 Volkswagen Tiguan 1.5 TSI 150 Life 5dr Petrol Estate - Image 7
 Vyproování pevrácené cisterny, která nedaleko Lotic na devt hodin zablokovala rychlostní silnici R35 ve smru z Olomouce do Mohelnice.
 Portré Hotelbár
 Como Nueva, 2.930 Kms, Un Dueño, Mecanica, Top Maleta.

═══

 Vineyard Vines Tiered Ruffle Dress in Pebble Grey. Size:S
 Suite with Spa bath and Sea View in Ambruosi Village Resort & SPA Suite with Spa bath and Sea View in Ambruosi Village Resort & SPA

═══

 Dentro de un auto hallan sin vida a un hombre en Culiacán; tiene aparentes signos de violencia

═══

WORK ITEM: Produce a word-for-word copy of everything above from the line holding "Vyproování pevrácené cisterny, která" down to the line holding "Como Nueva, 2.930", with both of those lines kept.

OUTPUT OF THE TASK:
 Vyproování pevrácené cisterny, která nedaleko Lotic na devt hodin zablokovala rychlostní silnici R35 ve smru z Olomouce do Mohelnice.
 Portré Hotelbár
 Como Nueva, 2.930 Kms, Un Dueño, Mecanica, Top Maleta.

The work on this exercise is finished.